Cosa resta dell’IA: strumento avanzato ma con confini precisi
Nonostante i limiti, l’IA resta uno strumento potentissimo. Può analizzare grandi quantità di dati, individuare schemi che un essere umano non vedrebbe a colpo d’occhio, automatizzare attività ripetitive e suggerire soluzioni in tempi rapidissimi. Nella medicina, per esempio, l’IA è già in grado di leggere migliaia di immagini radiologiche e segnalare possibili anomalie, accelerando il lavoro dei medici. Nel mondo della finanza, supporta analisi di mercato e previsioni. Nel customer service, fornisce risposte rapide e personalizzate agli utenti. Tuttavia, Degni ribadisce che tutto ciò deve avvenire entro confini chiari. L’IA non sostituisce il pensiero umano, ma lo supporta. È una tecnologia che funziona solo in presenza di dati su cui è stata addestrata, e quando esce da quel perimetro può generare errori anche grossolani.
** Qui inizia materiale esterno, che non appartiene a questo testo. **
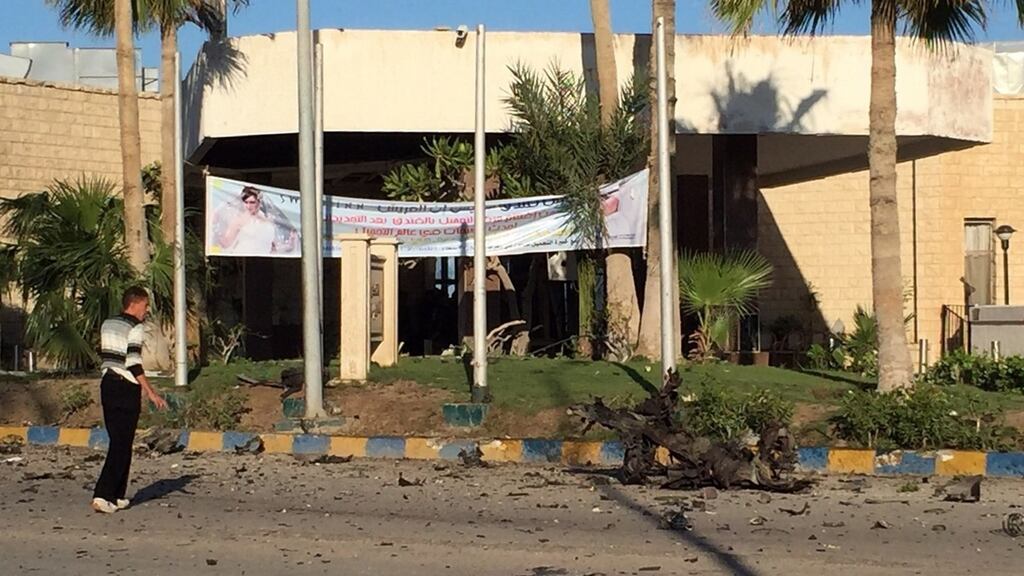 Damage outside the Swiss Inn hotel in the Egyptian town of El-Arish following an attack on the hotel by two suicide bombers and a gunman. Photograph: AFP/Getty Images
Se le si chiede di inventare soluzioni oltre i dati che conosce, produce allucinazioni: risposte convincenti ma completamente false. Ecco perché la sua adozione deve essere sempre accompagnata da figure umane in grado di interpretare e validare i risultati. Non un oracolo da seguire ciecamente, ma uno strumento avanzato che, nelle mani giuste, può diventare un alleato formidabile. In questo senso, l’intervento di Degni si inserisce in un dibattito necessario: riportare equilibrio nel discorso pubblico sull’intelligenza artificiale. L’IA non è un essere pensante, e riconoscerlo è l’unico modo per utilizzarla al meglio, senza farsi ingannare dalle apparenze di una “conversazione naturale” che, in realtà, non è altro che statistica travestita da linguaggio.